PROVIDED INFORMATION:
========================================================================
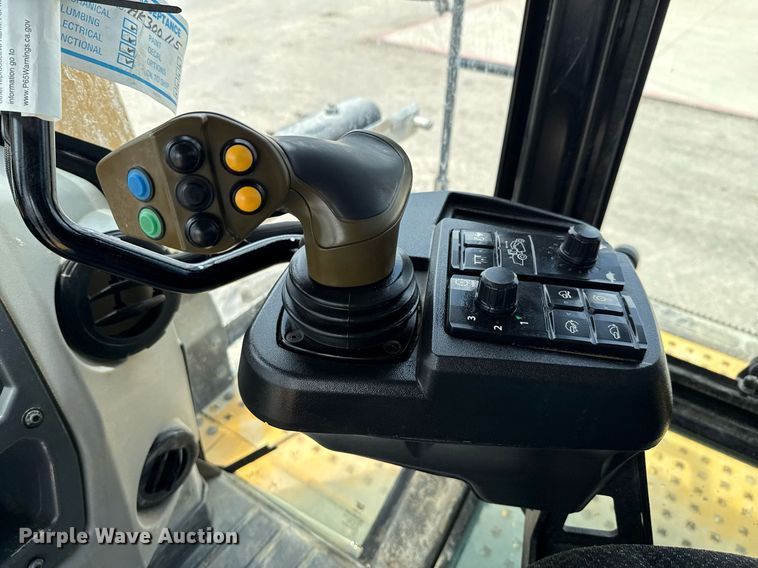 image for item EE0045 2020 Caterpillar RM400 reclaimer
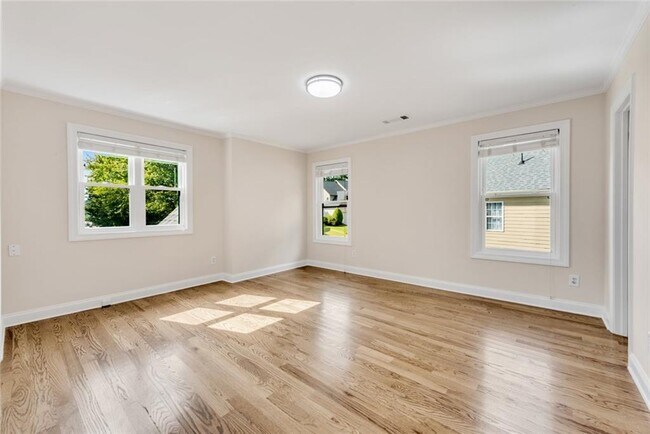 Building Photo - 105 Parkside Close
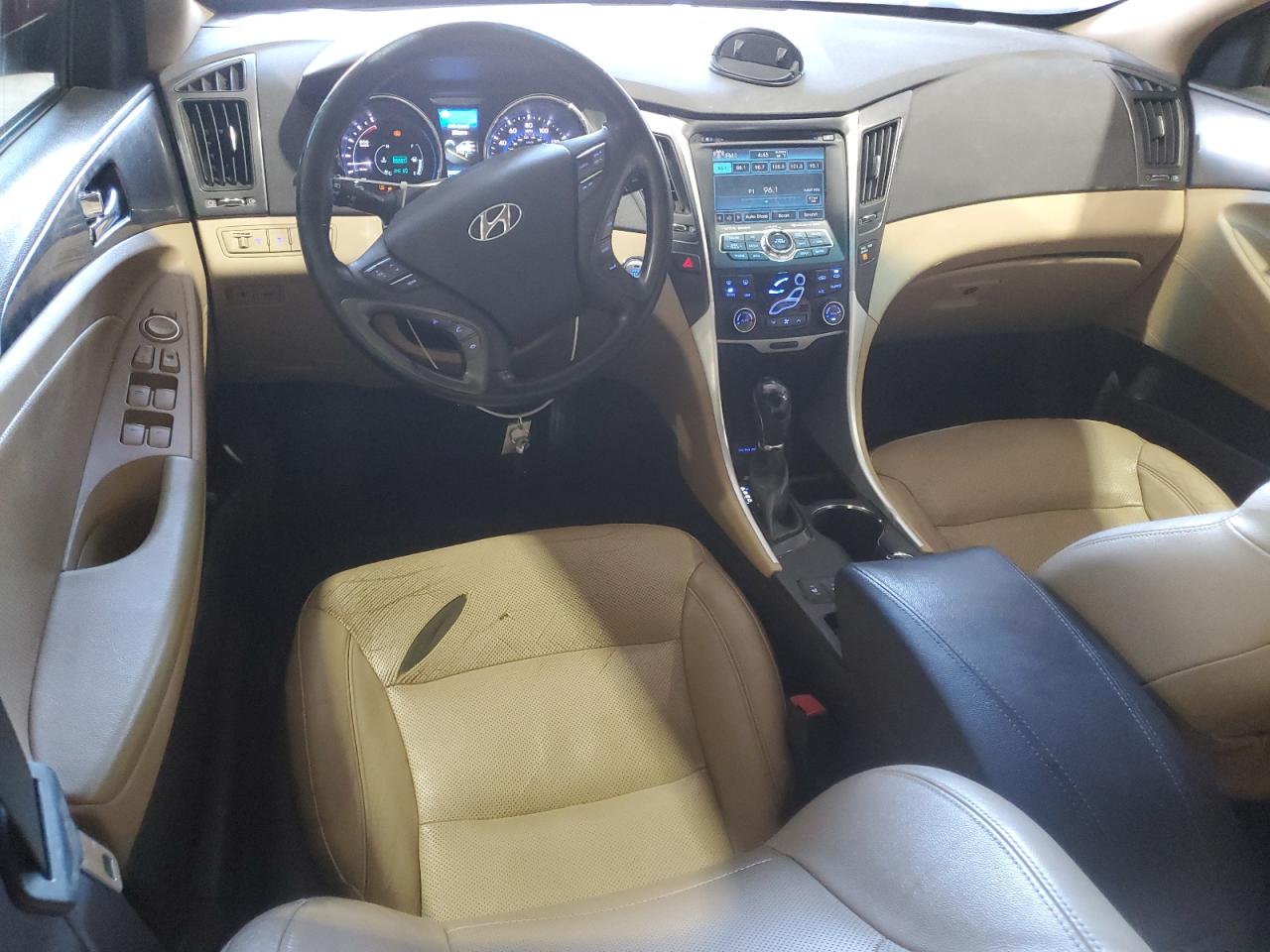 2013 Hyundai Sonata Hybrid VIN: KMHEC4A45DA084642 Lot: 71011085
========================================================================
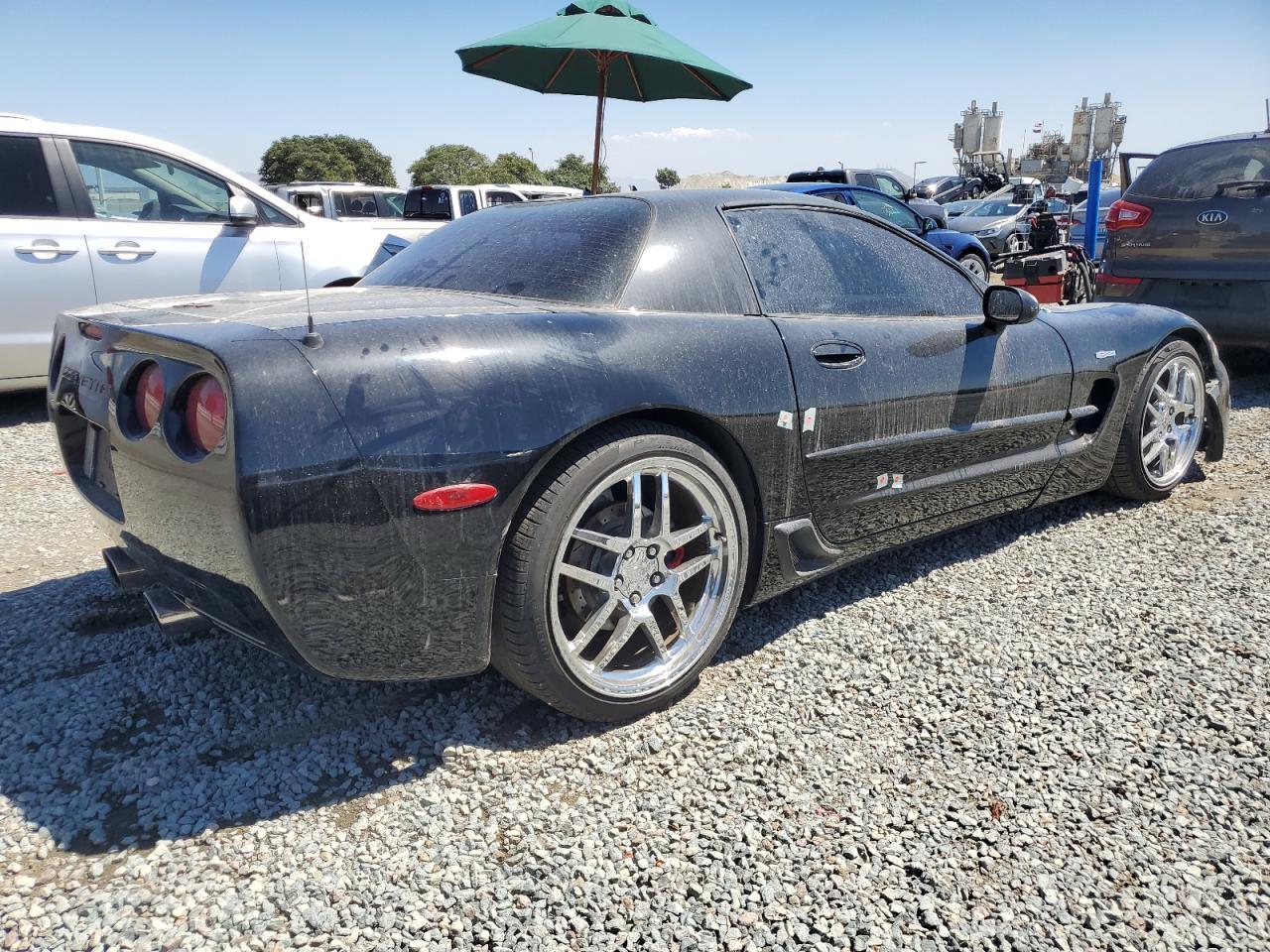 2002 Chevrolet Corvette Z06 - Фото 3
========================================================================
WORK ORDER: Reproduce exactly the lines above that run from the one with "Building Photo - 105 Parkside Close" to the one with "2013 Hyundai Sonata", both included, leaving pictures out.

OUTPUT FOR THIS EXERCISE:
 Building Photo - 105 Parkside Close
 2013 Hyundai Sonata Hybrid VIN: KMHEC4A45DA084642 Lot: 71011085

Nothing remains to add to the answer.